Process integration
In syngas fermentation (using CO, H2, or CO2), high syngas transfer to an aqueous phase remains the challenge. The complete process needs syngas conditioning, downstream separations for liquids and gases, and recycling of unconverted species. This work package links the microbial conversion and bioreactor to overall processes (from crude syngas to recovered product) and further to the economic and environmental impact from cradle to grave.
This workpackage encompasses 2 projects
Project 1: Process development
Process development (membrane reactor)
In syngas fermentations (using CO, H2 or CO2), gas-to-liquid mass transfer is often regarded as one of the limiting step. The research project focusses on the investigation of membrane bioreactors as a configuration to overcome mass transfer limitations in syngas fermentation to non-volatiles. It aims to answer the research question: “How can the membrane bioreactor systems be used to achieve syngas conversion processes with the required productivity?”. The objective is to find and to study the best operational window of a scalable membrane bioreactor system for the permeation and fermentation of syngas to chemicals by a microbial culture (with well-defined stoichiometry and kinetics).

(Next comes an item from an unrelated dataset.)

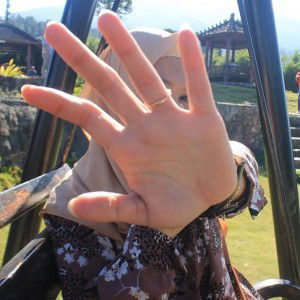 AniSa Fitrii profile icon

The project research framework is organized in several work packages: “Fixing default conditions”, “Experimental methods development” , “Mathematical modelling”, “ Simultaneous cell retention and in-situ product removal” and “Membrane bioreactor operation”.

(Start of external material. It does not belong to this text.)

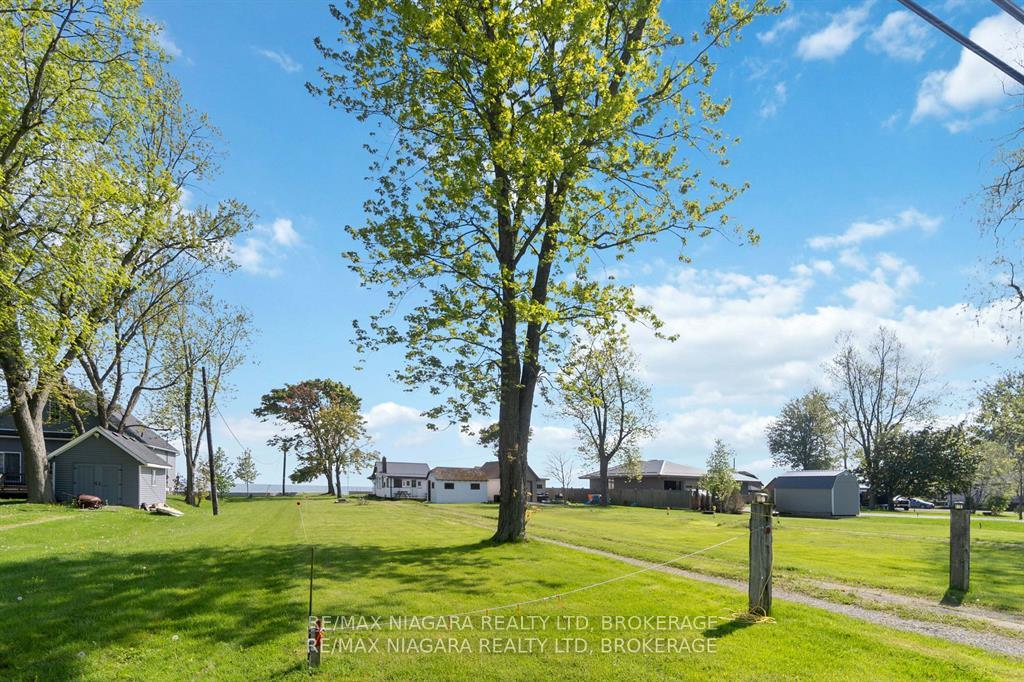 Photo 4 of 10953 Lakeshore Road, Wainfleet, Lakeshore — HOMEH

Process development (membrane and spinning disc extractor designs)
The production of carboxylic acids by fermentation has gained research attention to achieve a renewable option as compared to fossil carbon-based benchmarks. A major bottleneck lies on the recovery from fermentation broths of these acids, which are normally present at dilute concentration (ca. 5 wt.%). Reactive extraction is an alternative to solvent extraction. The process involves a reaction between an extractant, a diluent, and the carboxylic acid. The extractant, often a tertiary amine, form complexes with the acid that are soluble in the organic phase. Back-extraction of these acids is equally important, and both processes must be considered when optimizing process and costs. Reactive extraction of carboxylic acids outperforms conventional solvent extraction, due to its superior partition coefficients obtained when selecting a suitable extractant and diluent. Most reactive extraction studies has been carried out in batch systems at relatively low stirring speeds (< 150 rpm), where the reaction takes place in the liquid-liquid interfacial area. In this concept, vigorous stirring is preferred to quickly reach equilibrium leading to the formation of un-wanted, stable emulsions which often require a subsequent centrifugation stage. This work deals with the study of a novel reactor, membrane-assisted spinning disc reactor (MASDR) to intensify the process of reactive extraction.

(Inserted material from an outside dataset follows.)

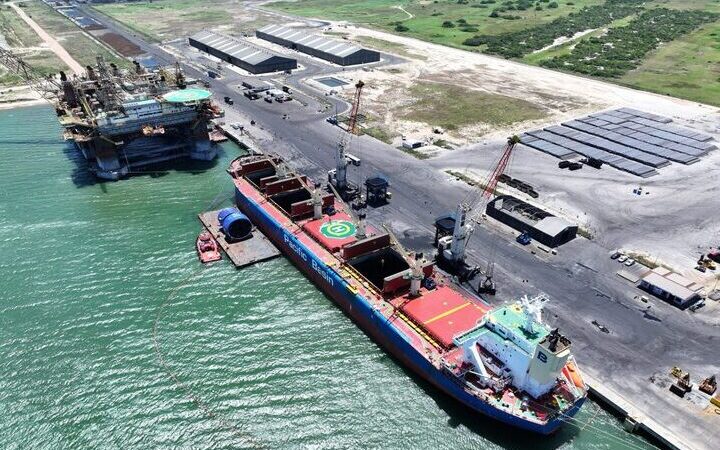 Chineses negociam a compra de 70% do Porto de Açu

Project 2: Process design and sustainability assessment
Conceptualization of the sustainable production of chemicals via syngas fermentation
The primary aim of this project is to outline the conceptual framework for the forthcoming commercial production of chemicals through syngas fermentation. An encompassing and systematic methodology is imperative, considering the vast array of technical alternatives spanning feedstocks, products, and technologies. The initial project phase involves categorizing potential products into volatile and non-volatile categories, with acetate serving as the benchmark. Focusing on volatile products, a decision-making framework will be devised to explore the plausible configurations of diverse feedstocks and products.
Among the considered feedstocks are Basic Oxygen Furnace Gas (BOFG) and Blast Furnace Gas (BFG) emissions from the steel manufacturing industry, as well as syngas derived from biomass gasification (BioSyngas). This analysis identifies the most viable products for commercial-scale production and their associated feedstocks. Additionally, the study delves into the economic feasibility of these pathways, potential enhancements, and their adaptability to various production strategies.